A liberação ou proibição da venda de armas e munições é a questão formal a ser decidida pelo eleitorado no próximo dia 23. Síntese do debate sobre o desarmamento e a primeira tentativa de envolver diretamente o cidadão no combate à violência que toma conta do país.
Governantes e legisladores vêm falhando há algumas décadas para encontrar uma resposta à súbita agressividade de uma sociedade até então reconhecida como pacífica (ou ‘cordial’ como a viu o poeta Ribeiro Couto). Esta consulta popular, entre outros méritos, escancara sem disfarces a dimensão da delinqüência e do crime. A descordialização da nossa existência.
Não adianta tergiversar, teorizar e disfarçar – estamos diante de um magno desafio que nos remete diretamente ao lema inscrito na bandeira nacional. O menosprezo pela ordem e o desrespeito à lei impedem o progresso, estão na raiz das nossas mazelas e ‘erros’ (na acepção do presidente Lula), do ‘mensalão’ no Congresso à violência das ruas, do inocente caixa 2 ao seqüestro-relâmpago.

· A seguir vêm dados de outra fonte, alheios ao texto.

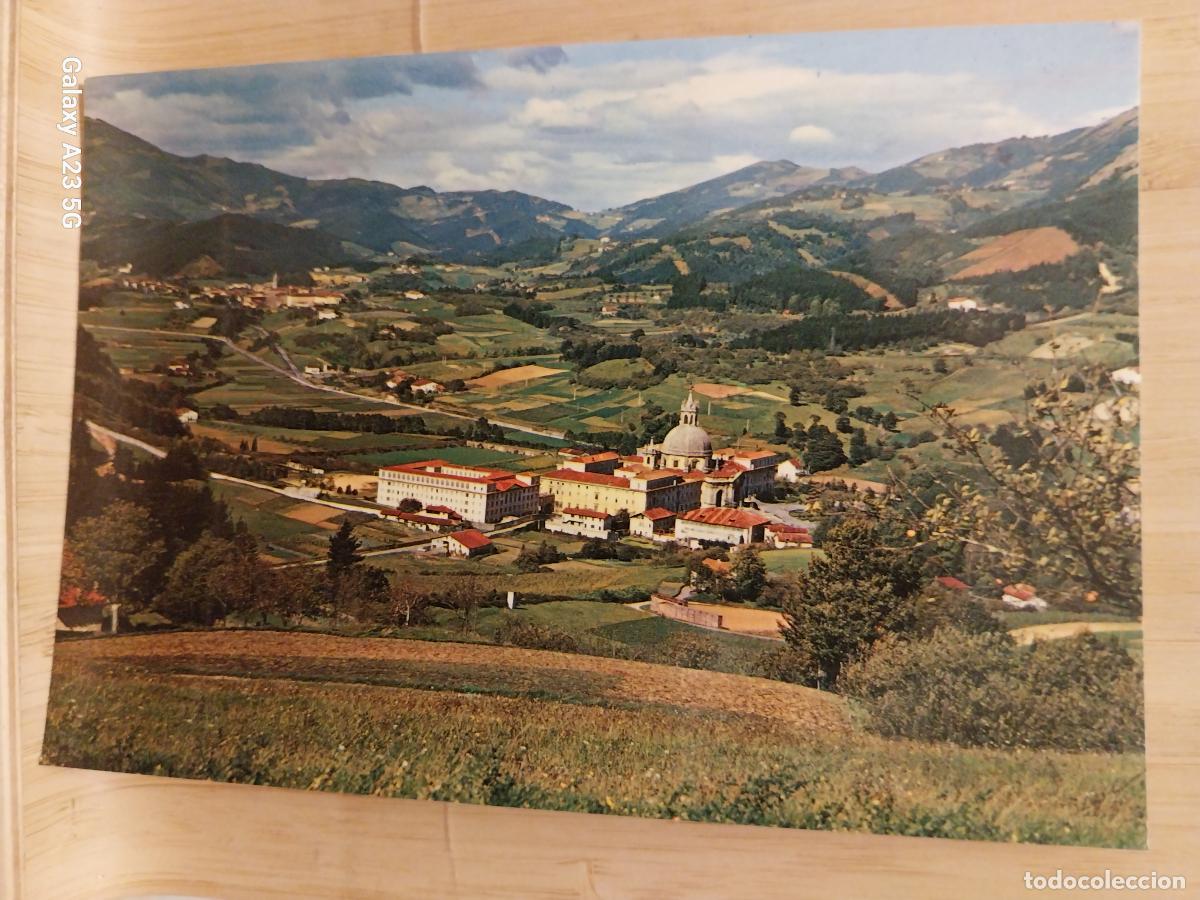 Cartes Postales: SAN IGNACIO LOYOLA SANTUARIO ED ZARAUZ SC ORIGINAL +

Ao contrário das consultas anteriores, mais abstratas e remotas (sobre o tipo de regime político), esta atende a questões concretas e imediatas. Envolve o cotidiano do cidadão-eleitor, seja ele rico ou pobre. Confronta-o com problemas que o Executivo e o Congresso não tiveram a competência e coragem cívica de encarar.
Qualquer que seja o resultado do escrutínio, é preciso ter em mente que a questão da venda de armas e munições não é a única no capítulo da criminalidade nem a mais importante – a maioridade penal talvez tenha precedência sobre ela.
Exemplo autoritário
Tanto o ‘não’ como o ‘sim’ não esgotarão a questão das armas e exigirão de governantes e congressistas uma série de medidas complementares e imediatas. Exigirão, sobretudo, que os diversos poderes da República sejam confrontados com a gravidade de uma situação que, pela primeira vez em nossa história, fez com que se delegasse ao povo a decisão soberana de decidir o que mais lhe convém. Sem intermediários.

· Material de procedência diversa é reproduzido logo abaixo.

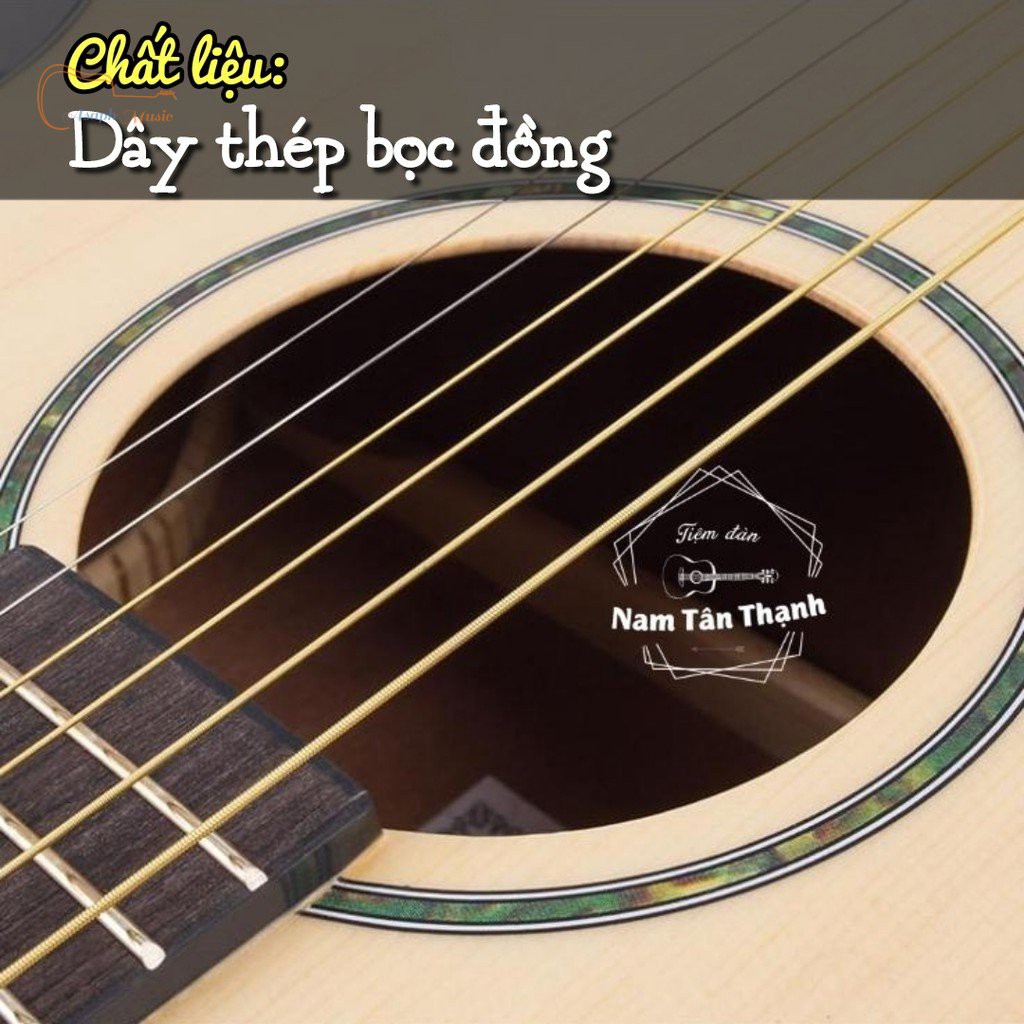 Bộ Đàn Guitar Acoustic Giá Rẻ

A importância deste referendo não está apenas no teor dos seus resultados; está nele em si, na sua capacidade de impor-se como forma regular de participação e manifestação da vontade popular. É tola e fruto da desinformação a alegação de que plebiscitos e referendos enfraquecem o sistema representativo. Ao contrário, só o reforçam. A União Européia adota as consultas populares em questões transcendentais, a Suíça usa-as regularmente. Na Califórnia, no próximo dia 8 de novembro os eleitores serão consultados sobre quatro proposições no tocante ao orçamento estadual de alta complexidade e relevância.
Referendos, como quaisquer outras formas de manifestação, só não valem em regimes autoritários – exemplo clássico foi o de abril de 1938 em que os alemães e austríacos dominados pelo nazi-fascismo aprovaram a anexação da Áustria por 99,75% dos votos.
Apatia e ceticismo
Com a degradação do sistema político e a pulverização dos programas partidários, a instituição de consultas regulares ao eleitorado poderá renovar a credibilidade e a confiabilidade do sistema democrático. Além de nomes e de siglas (hoje quase desprovidas de qualquer significado) e além das subjetividades embutidas pelo marketing nas campanhas para o Executivo e Legislativo, o eleitorado terá a oportunidade de discutir idéias e alternativas objetivas.
A institucionalização dos referendos poderá tirar o eleitor da apatia e do ceticismo em que se encontra com relação à classe política. Será um bom investimento para a revitalização da vida pública, injeção de ânimo num ambiente político desmobilizado e descrente.
O ‘sim’ e o ‘não’ são formas diferentes de dizer a mesma coisa: a sociedade cansou de esperar, quer participar e, de forma responsável, cuidar da sua segurança.